TO DO >> The response should reproduce exactly the lines from the top of the listing below through the one that contains "Theory Trousers", and nothing else; pictures do not belong in it.

SUPPLIED RECORDS >>

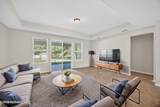 1486 Panther Lake Parkway - Photo 17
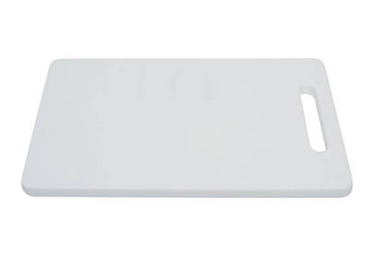 Tablas de Corte para Cocina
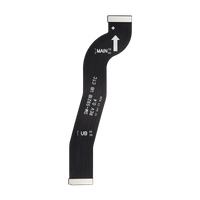 Samsung Galaxy S24 LCD Flex Cable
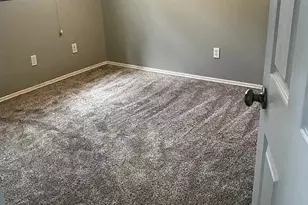 5084 W Cedar Point Peak Dr S, Riverton, UT 84065 - Photo 19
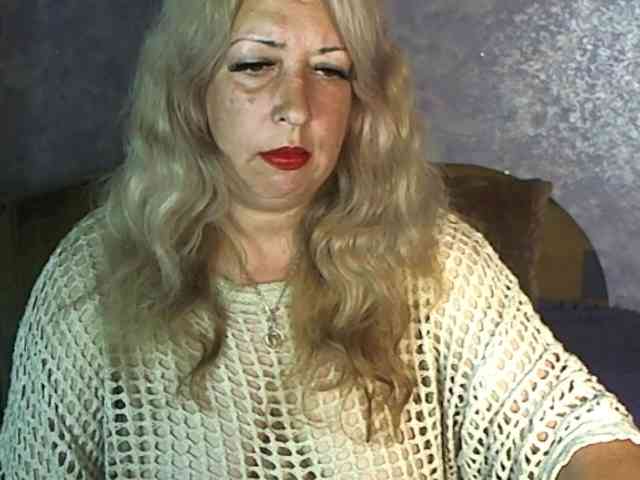 SoftGella webcam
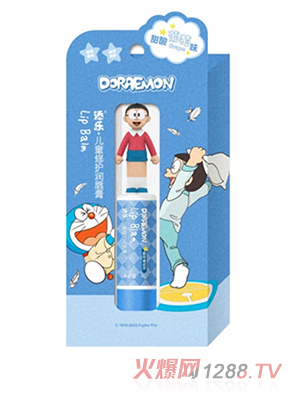 �혷(l��)��ͯ���o(h��)��(r��n)���ࣨ��������ζ��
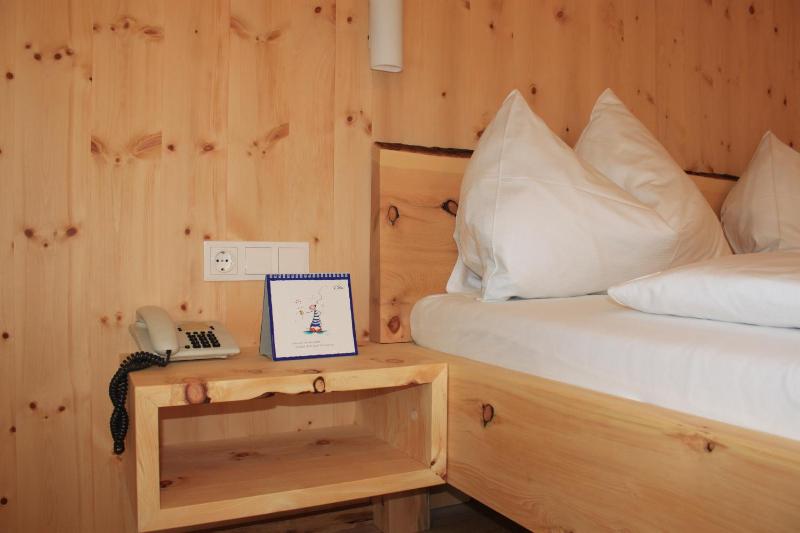 Comfort Double Room image 2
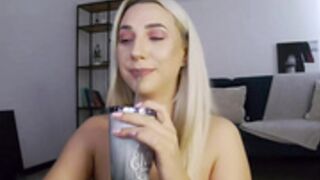 allayah_2025-10-25_13-37-47_778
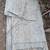 Rusty ribbed Barn galvanized steel small and large rib tin 10 to 14 ft 3 thumbnail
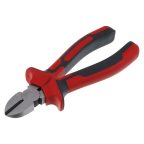  Бокорезы 160 мм Б.14.50 мни (0)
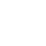 D/L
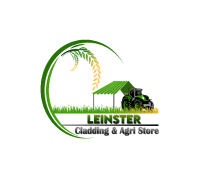 Leinster Cladding & Agri Store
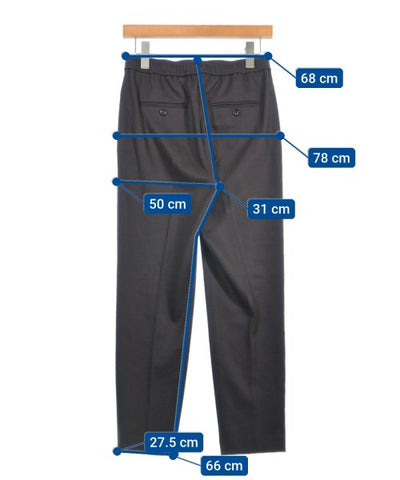 Theory Trousers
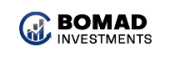 Bomad Investments Bomad Investments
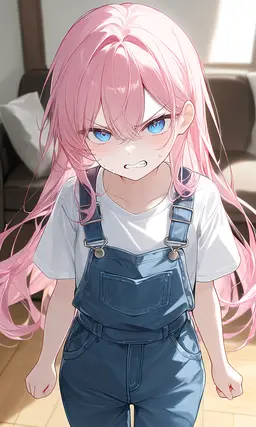 Profile image of 이현지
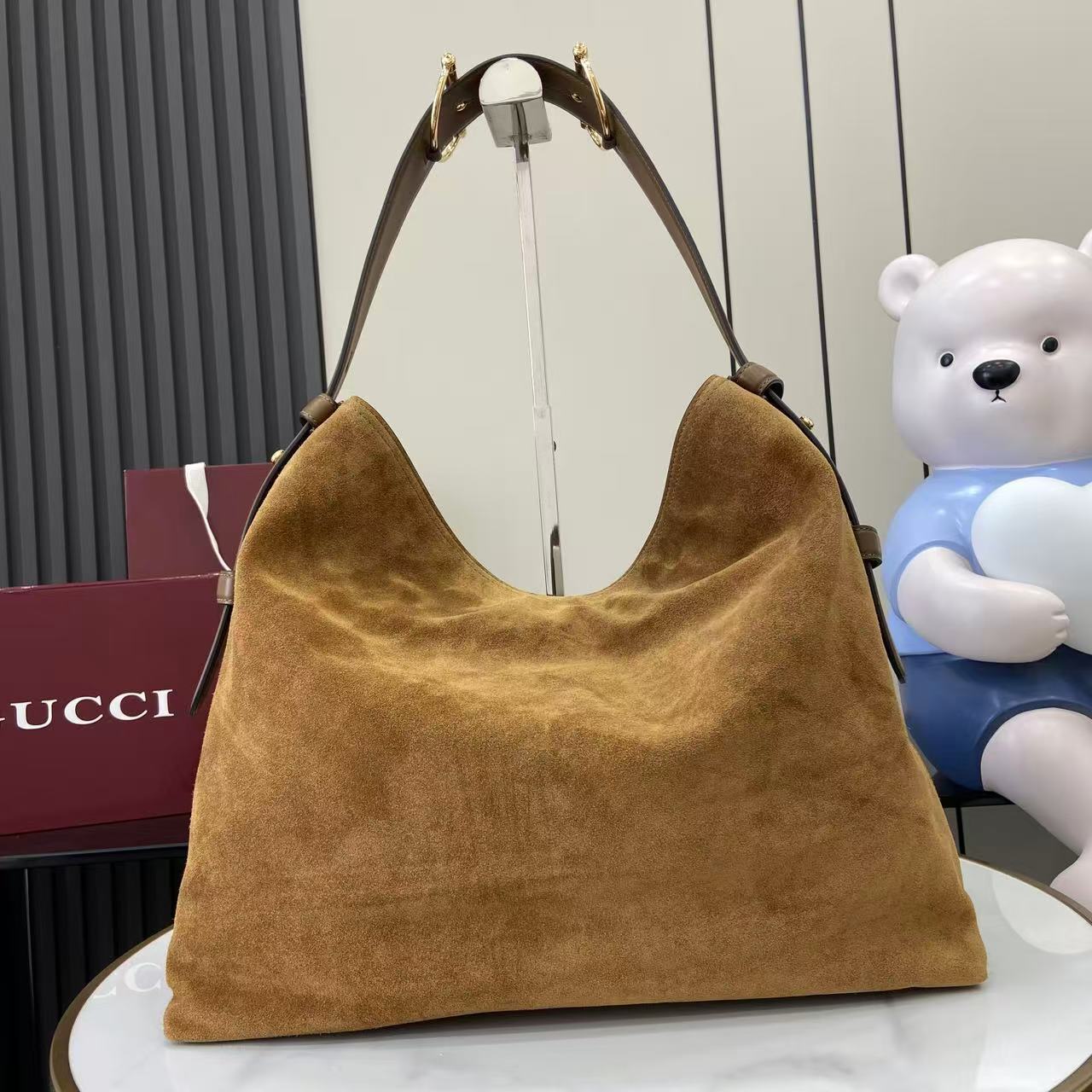 Beatrix Tote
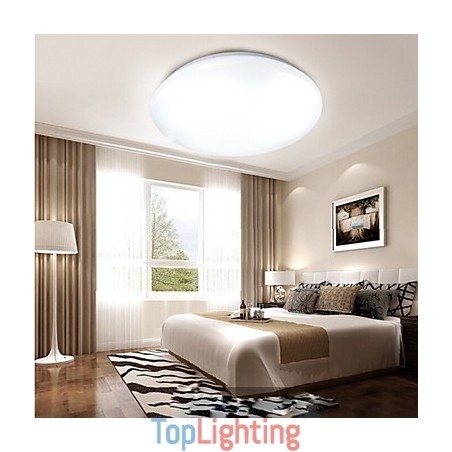 Pendant Lights Modern Contemporary Metal Pendant Lights Modern Contemporary Metal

RESPONSE FOR THIS EXERCISE >>
 1486 Panther Lake Parkway - Photo 17
 Tablas de Corte para Cocina
 Samsung Galaxy S24 LCD Flex Cable
 5084 W Cedar Point Peak Dr S, Riverton, UT 84065 - Photo 19
 SoftGella webcam
 �혷(l��)��ͯ���o(h��)��(r��n)���ࣨ��������ζ��
 Comfort Double Room image 2
 allayah_2025-10-25_13-37-47_778
 Rusty ribbed Barn galvanized steel small and large rib tin 10 to 14 ft 3 thumbnail
  Бокорезы 160 мм Б.14.50 мни (0)
 D/L
 Leinster Cladding & Agri Store
 Theory Trousers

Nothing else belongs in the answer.